Only the lines running from the one with "A student checks" to the end of the listing should be returned, each exactly as it appears, with both ends kept.

◆ Data ◆
- - -

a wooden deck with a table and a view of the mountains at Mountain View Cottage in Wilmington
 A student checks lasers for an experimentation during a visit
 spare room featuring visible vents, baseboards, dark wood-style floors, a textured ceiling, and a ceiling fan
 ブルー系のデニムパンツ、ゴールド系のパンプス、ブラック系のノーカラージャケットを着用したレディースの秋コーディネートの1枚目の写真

- - -

◆ Result of this exercise ◆
 A student checks lasers for an experimentation during a visit
 spare room featuring visible vents, baseboards, dark wood-style floors, a textured ceiling, and a ceiling fan
 ブルー系のデニムパンツ、ゴールド系のパンプス、ブラック系のノーカラージャケットを着用したレディースの秋コーディネートの1枚目の写真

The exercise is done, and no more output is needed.